The insight: Compare tokenization stats: tokens per word (fertility), unknown token rate, and compare against a language-specific Wikilangs tokenizer as baseline.

from transformers import AutoTokenizer
from wikilangs import tokenizer as wikilangs_tokenizer

def analyze_tokenizer_efficiency(text, hf_tokenizer, wl_tokenizer, lang_name):
    """Compare HuggingFace tokenizer vs Wikilangs tokenizer efficiency."""

    words = text.split()

    # HuggingFace tokenizer
    hf_tokens = hf_tokenizer.tokenize(text)
    hf_ids = hf_tokenizer.encode(text)

    # Wikilangs tokenizer
    wl_tokens = wl_tokenizer.tokenize(text)
    wl_ids = wl_tokenizer.encode(text)

    print(f"=== Tokenizer Analysis for {lang_name} ===")
    print(f"Text: '{text[:60]}...'")
    print(f"Word count: {len(words)}")
    print()
    print("HuggingFace Tokenizer:")
    print(f"  Tokens: {len(hf_tokens)}")
    print(f"  Fertility (tokens/word): {len(hf_tokens)/len(words):.2f}")
    print(f"  Sample: {hf_tokens[:10]}")
    print()
    print("Wikilangs Tokenizer:")
    print(f"  Tokens: {len(wl_tokens)}")
    print(f"  Fertility (tokens/word): {len(wl_tokens)/len(words):.2f}")
    print(f"  Sample: {wl_tokens[:10]}")
    print()

    efficiency_gain = (len(hf_tokens) - len(wl_tokens)) / len(hf_tokens) * 100
    print(f"Potential efficiency gain: {efficiency_gain:.1f}% fewer tokens")

    return {
        'hf_fertility': len(hf_tokens) / len(words),
        'wl_fertility': len(wl_tokens) / len(words),
        'efficiency_gain_pct': efficiency_gain
    }

# Example: Compare for Arabic text
llm_tokenizer = AutoTokenizer.from_pretrained("meta-llama/Llama-2-7b-hf")
arabic_tokenizer = wikilangs_tokenizer(date='latest', lang='ar', vocab_size=32000)

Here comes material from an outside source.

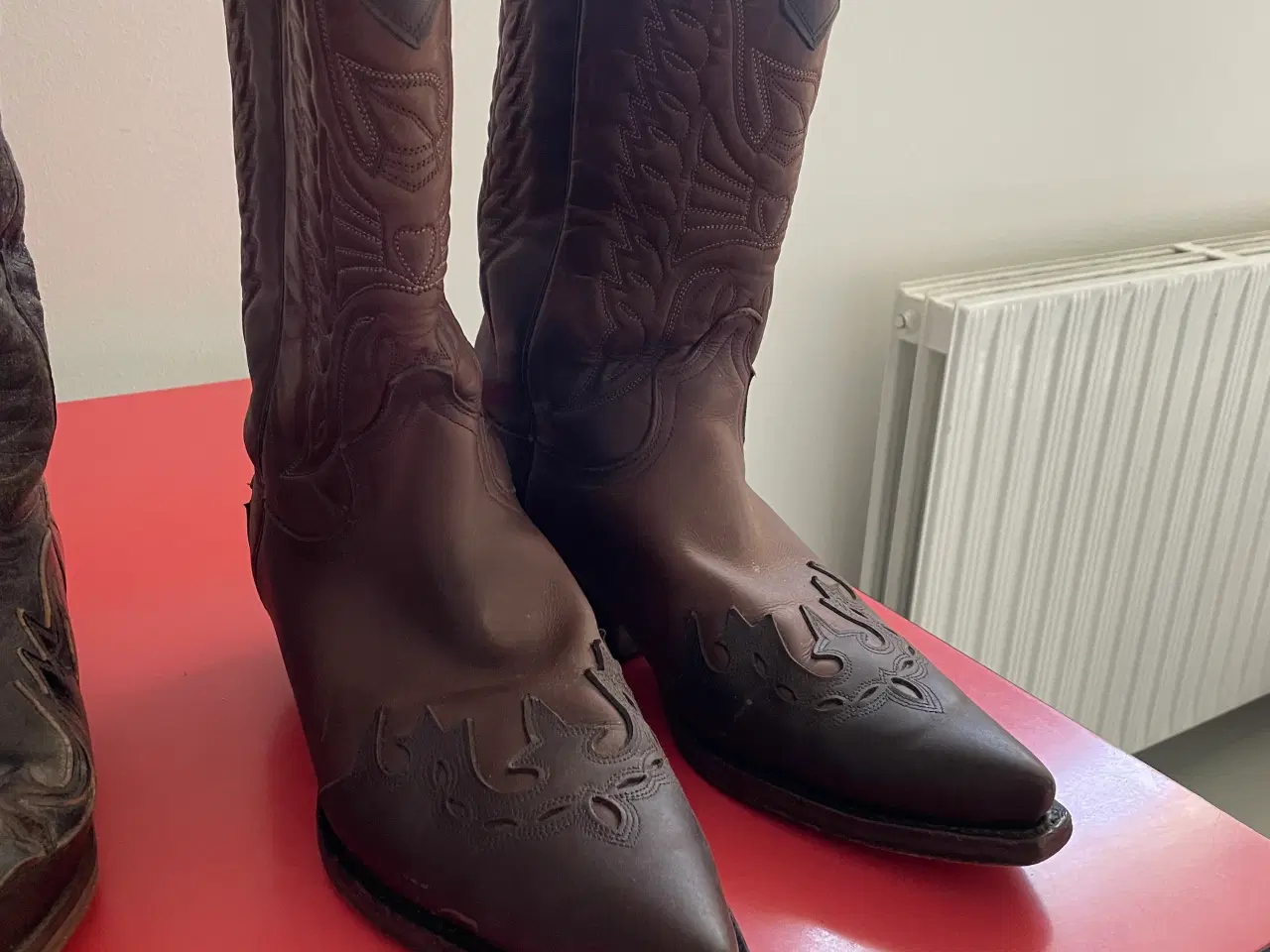 Billede 1 - Sendra - Cowboy støvler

arabic_text = "الذكاء الاصطناعي يغير العالم بطرق لم نتخيلها من قبل"

analyze_tokenizer_efficiency(
    arabic_text,
    llm_tokenizer,
    arabic_tokenizer,
    "Arabic"
)

Interpreting Results

  • Fertility < 1.5: Excellent - tokenizer handles language well
  • Fertility 1.5-2.5: Acceptable - some room for improvement
  • Fertility > 2.5: Poor - consider adding language vocabulary
  • High efficiency gain (>30%) strongly suggests vocabulary extension will help

More Recipe Ideas

Here are additional applications you can build with Wikilangs models. Each combines the basic building blocks in creative ways.

Named Entity Recognition

Use vocabulary frequency to identify likely proper nouns—rare words with capital letters are often names.

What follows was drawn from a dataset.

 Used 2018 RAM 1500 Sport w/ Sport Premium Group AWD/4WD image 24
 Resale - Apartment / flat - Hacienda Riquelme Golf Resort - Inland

Sentiment Lexicon Building

Bootstrap sentiment dictionaries using seed words and embedding similarity to find positive/negative terms.

Topic Modeling

Cluster documents using sentence embeddings to discover themes in a corpus.

Grammar Checking

Score sentence variants with n-grams to detect awkward phrasing and suggest corrections.

Plagiarism Detection

Compare n-gram patterns and sentence embeddings across documents to find suspicious similarity.

Language Learning Tools

Build vocabulary trainers that introduce words by frequency rank—common words first.